◆ What is needed:
Could you reproduce all of these records exactly?

(Beginning of Recorded data)

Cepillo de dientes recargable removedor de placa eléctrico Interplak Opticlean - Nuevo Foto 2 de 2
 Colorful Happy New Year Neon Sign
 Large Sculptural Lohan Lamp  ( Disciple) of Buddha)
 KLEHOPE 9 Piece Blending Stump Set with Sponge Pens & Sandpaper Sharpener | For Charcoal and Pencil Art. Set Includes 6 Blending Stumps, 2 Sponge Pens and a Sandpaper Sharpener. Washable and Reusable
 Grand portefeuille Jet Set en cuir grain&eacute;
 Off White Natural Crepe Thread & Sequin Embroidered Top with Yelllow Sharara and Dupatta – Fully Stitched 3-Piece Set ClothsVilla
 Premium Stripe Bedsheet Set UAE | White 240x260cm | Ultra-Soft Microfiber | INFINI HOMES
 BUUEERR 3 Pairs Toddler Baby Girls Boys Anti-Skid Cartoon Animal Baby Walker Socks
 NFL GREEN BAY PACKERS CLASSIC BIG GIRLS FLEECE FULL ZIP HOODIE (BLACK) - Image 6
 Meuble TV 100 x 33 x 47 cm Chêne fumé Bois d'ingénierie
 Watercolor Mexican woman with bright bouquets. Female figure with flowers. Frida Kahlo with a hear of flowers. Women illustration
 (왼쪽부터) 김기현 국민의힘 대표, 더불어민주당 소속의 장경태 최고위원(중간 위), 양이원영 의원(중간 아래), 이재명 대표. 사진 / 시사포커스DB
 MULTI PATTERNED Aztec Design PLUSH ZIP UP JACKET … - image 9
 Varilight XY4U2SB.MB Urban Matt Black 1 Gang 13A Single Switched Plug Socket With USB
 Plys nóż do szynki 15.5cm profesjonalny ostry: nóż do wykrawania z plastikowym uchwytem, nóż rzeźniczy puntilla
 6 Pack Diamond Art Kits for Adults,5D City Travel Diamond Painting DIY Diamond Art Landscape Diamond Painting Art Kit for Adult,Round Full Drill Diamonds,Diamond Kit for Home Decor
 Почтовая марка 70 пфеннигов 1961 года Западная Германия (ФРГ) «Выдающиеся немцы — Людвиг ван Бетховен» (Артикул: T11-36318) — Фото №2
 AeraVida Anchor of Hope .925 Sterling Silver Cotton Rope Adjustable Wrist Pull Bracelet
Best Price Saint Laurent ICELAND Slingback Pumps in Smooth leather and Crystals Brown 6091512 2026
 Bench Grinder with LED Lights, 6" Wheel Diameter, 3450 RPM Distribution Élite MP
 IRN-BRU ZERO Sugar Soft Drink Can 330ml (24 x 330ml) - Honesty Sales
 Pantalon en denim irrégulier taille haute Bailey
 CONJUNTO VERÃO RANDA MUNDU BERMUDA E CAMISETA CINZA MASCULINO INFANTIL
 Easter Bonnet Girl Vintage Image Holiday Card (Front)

(End of Recorded data)

◆ Answer for the task:
Cepillo de dientes recargable removedor de placa eléctrico Interplak Opticlean - Nuevo Foto 2 de 2
 Colorful Happy New Year Neon Sign
 Large Sculptural Lohan Lamp  ( Disciple) of Buddha)
 KLEHOPE 9 Piece Blending Stump Set with Sponge Pens & Sandpaper Sharpener | For Charcoal and Pencil Art. Set Includes 6 Blending Stumps, 2 Sponge Pens and a Sandpaper Sharpener. Washable and Reusable
 Grand portefeuille Jet Set en cuir grain&eacute;
 Off White Natural Crepe Thread & Sequin Embroidered Top with Yelllow Sharara and Dupatta – Fully Stitched 3-Piece Set ClothsVilla
 Premium Stripe Bedsheet Set UAE | White 240x260cm | Ultra-Soft Microfiber | INFINI HOMES
 BUUEERR 3 Pairs Toddler Baby Girls Boys Anti-Skid Cartoon Animal Baby Walker Socks
 NFL GREEN BAY PACKERS CLASSIC BIG GIRLS FLEECE FULL ZIP HOODIE (BLACK) - Image 6
 Meuble TV 100 x 33 x 47 cm Chêne fumé Bois d'ingénierie
 Watercolor Mexican woman with bright bouquets. Female figure with flowers. Frida Kahlo with a hear of flowers. Women illustration
 (왼쪽부터) 김기현 국민의힘 대표, 더불어민주당 소속의 장경태 최고위원(중간 위), 양이원영 의원(중간 아래), 이재명 대표. 사진 / 시사포커스DB
 MULTI PATTERNED Aztec Design PLUSH ZIP UP JACKET … - image 9
 Varilight XY4U2SB.MB Urban Matt Black 1 Gang 13A Single Switched Plug Socket With USB
 Plys nóż do szynki 15.5cm profesjonalny ostry: nóż do wykrawania z plastikowym uchwytem, nóż rzeźniczy puntilla
 6 Pack Diamond Art Kits for Adults,5D City Travel Diamond Painting DIY Diamond Art Landscape Diamond Painting Art Kit for Adult,Round Full Drill Diamonds,Diamond Kit for Home Decor
 Почтовая марка 70 пфеннигов 1961 года Западная Германия (ФРГ) «Выдающиеся немцы — Людвиг ван Бетховен» (Артикул: T11-36318) — Фото №2
 AeraVida Anchor of Hope .925 Sterling Silver Cotton Rope Adjustable Wrist Pull Bracelet
Best Price Saint Laurent ICELAND Slingback Pumps in Smooth leather and Crystals Brown 6091512 2026
 Bench Grinder with LED Lights, 6" Wheel Diameter, 3450 RPM Distribution Élite MP
 IRN-BRU ZERO Sugar Soft Drink Can 330ml (24 x 330ml) - Honesty Sales
 Pantalon en denim irrégulier taille haute Bailey
 CONJUNTO VERÃO RANDA MUNDU BERMUDA E CAMISETA CINZA MASCULINO INFANTIL
 Easter Bonnet Girl Vintage Image Holiday Card (Front)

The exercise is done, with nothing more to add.